**Data**
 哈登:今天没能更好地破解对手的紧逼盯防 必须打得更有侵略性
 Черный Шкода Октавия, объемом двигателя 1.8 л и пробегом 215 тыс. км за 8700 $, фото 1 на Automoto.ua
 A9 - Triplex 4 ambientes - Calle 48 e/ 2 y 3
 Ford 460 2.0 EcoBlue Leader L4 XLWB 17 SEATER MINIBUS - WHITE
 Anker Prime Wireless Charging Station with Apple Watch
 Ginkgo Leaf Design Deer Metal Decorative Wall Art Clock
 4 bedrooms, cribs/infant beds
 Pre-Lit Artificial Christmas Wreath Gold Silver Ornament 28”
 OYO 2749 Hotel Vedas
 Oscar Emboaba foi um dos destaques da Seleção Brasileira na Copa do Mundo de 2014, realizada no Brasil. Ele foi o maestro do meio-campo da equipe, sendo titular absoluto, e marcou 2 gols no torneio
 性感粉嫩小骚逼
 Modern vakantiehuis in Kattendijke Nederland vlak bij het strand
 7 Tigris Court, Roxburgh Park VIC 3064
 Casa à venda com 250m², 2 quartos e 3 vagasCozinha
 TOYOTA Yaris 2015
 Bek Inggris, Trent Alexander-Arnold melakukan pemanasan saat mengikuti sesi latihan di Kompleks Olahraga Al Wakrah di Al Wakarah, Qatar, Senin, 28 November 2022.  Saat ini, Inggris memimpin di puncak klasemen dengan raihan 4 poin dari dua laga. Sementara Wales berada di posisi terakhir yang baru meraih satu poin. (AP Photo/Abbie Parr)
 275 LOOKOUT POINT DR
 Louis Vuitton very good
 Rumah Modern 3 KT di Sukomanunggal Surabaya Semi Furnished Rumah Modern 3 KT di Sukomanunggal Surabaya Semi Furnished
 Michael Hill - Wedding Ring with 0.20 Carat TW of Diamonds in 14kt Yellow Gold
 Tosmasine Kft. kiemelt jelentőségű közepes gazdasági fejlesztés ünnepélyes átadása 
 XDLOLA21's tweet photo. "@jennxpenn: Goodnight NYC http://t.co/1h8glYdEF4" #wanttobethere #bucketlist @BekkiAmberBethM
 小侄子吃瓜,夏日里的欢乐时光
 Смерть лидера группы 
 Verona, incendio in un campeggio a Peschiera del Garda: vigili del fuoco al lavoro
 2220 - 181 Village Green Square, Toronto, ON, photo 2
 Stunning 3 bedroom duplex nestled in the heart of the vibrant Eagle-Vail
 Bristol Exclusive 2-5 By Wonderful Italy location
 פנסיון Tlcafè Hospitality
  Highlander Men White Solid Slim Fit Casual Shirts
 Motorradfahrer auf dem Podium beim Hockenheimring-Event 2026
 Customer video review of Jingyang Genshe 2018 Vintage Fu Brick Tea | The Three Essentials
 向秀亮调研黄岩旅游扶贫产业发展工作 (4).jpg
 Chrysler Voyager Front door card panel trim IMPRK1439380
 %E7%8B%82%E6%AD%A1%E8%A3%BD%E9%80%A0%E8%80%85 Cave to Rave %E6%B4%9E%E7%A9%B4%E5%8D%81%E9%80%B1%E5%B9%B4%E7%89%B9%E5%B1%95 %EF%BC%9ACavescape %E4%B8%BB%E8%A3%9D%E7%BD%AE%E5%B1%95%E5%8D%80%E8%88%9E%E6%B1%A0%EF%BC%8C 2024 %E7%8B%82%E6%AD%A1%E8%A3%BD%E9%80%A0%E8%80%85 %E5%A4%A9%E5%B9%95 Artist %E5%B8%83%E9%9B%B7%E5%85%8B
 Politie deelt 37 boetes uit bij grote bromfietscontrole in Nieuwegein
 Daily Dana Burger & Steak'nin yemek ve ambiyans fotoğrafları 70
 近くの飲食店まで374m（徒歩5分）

**Activity**
Set down the whole listing exactly.

**Task answer**
 哈登:今天没能更好地破解对手的紧逼盯防 必须打得更有侵略性
 Черный Шкода Октавия, объемом двигателя 1.8 л и пробегом 215 тыс. км за 8700 $, фото 1 на Automoto.ua
 A9 - Triplex 4 ambientes - Calle 48 e/ 2 y 3
 Ford 460 2.0 EcoBlue Leader L4 XLWB 17 SEATER MINIBUS - WHITE
 Anker Prime Wireless Charging Station with Apple Watch
 Ginkgo Leaf Design Deer Metal Decorative Wall Art Clock
 4 bedrooms, cribs/infant beds
 Pre-Lit Artificial Christmas Wreath Gold Silver Ornament 28”
 OYO 2749 Hotel Vedas
 Oscar Emboaba foi um dos destaques da Seleção Brasileira na Copa do Mundo de 2014, realizada no Brasil. Ele foi o maestro do meio-campo da equipe, sendo titular absoluto, e marcou 2 gols no torneio
 性感粉嫩小骚逼
 Modern vakantiehuis in Kattendijke Nederland vlak bij het strand
 7 Tigris Court, Roxburgh Park VIC 3064
 Casa à venda com 250m², 2 quartos e 3 vagasCozinha
 TOYOTA Yaris 2015
 Bek Inggris, Trent Alexander-Arnold melakukan pemanasan saat mengikuti sesi latihan di Kompleks Olahraga Al Wakrah di Al Wakarah, Qatar, Senin, 28 November 2022.  Saat ini, Inggris memimpin di puncak klasemen dengan raihan 4 poin dari dua laga. Sementara Wales berada di posisi terakhir yang baru meraih satu poin. (AP Photo/Abbie Parr)
 275 LOOKOUT POINT DR
 Louis Vuitton very good
 Rumah Modern 3 KT di Sukomanunggal Surabaya Semi Furnished Rumah Modern 3 KT di Sukomanunggal Surabaya Semi Furnished
 Michael Hill - Wedding Ring with 0.20 Carat TW of Diamonds in 14kt Yellow Gold
 Tosmasine Kft. kiemelt jelentőségű közepes gazdasági fejlesztés ünnepélyes átadása 
 XDLOLA21's tweet photo. "@jennxpenn: Goodnight NYC http://t.co/1h8glYdEF4" #wanttobethere #bucketlist @BekkiAmberBethM
 小侄子吃瓜,夏日里的欢乐时光
 Смерть лидера группы 
 Verona, incendio in un campeggio a Peschiera del Garda: vigili del fuoco al lavoro
 2220 - 181 Village Green Square, Toronto, ON, photo 2
 Stunning 3 bedroom duplex nestled in the heart of the vibrant Eagle-Vail
 Bristol Exclusive 2-5 By Wonderful Italy location
 פנסיון Tlcafè Hospitality
  Highlander Men White Solid Slim Fit Casual Shirts
 Motorradfahrer auf dem Podium beim Hockenheimring-Event 2026
 Customer video review of Jingyang Genshe 2018 Vintage Fu Brick Tea | The Three Essentials
 向秀亮调研黄岩旅游扶贫产业发展工作 (4).jpg
 Chrysler Voyager Front door card panel trim IMPRK1439380
 %E7%8B%82%E6%AD%A1%E8%A3%BD%E9%80%A0%E8%80%85 Cave to Rave %E6%B4%9E%E7%A9%B4%E5%8D%81%E9%80%B1%E5%B9%B4%E7%89%B9%E5%B1%95 %EF%BC%9ACavescape %E4%B8%BB%E8%A3%9D%E7%BD%AE%E5%B1%95%E5%8D%80%E8%88%9E%E6%B1%A0%EF%BC%8C 2024 %E7%8B%82%E6%AD%A1%E8%A3%BD%E9%80%A0%E8%80%85 %E5%A4%A9%E5%B9%95 Artist %E5%B8%83%E9%9B%B7%E5%85%8B
 Politie deelt 37 boetes uit bij grote bromfietscontrole in Nieuwegein
 Daily Dana Burger & Steak'nin yemek ve ambiyans fotoğrafları 70
 近くの飲食店まで374m（徒歩5分）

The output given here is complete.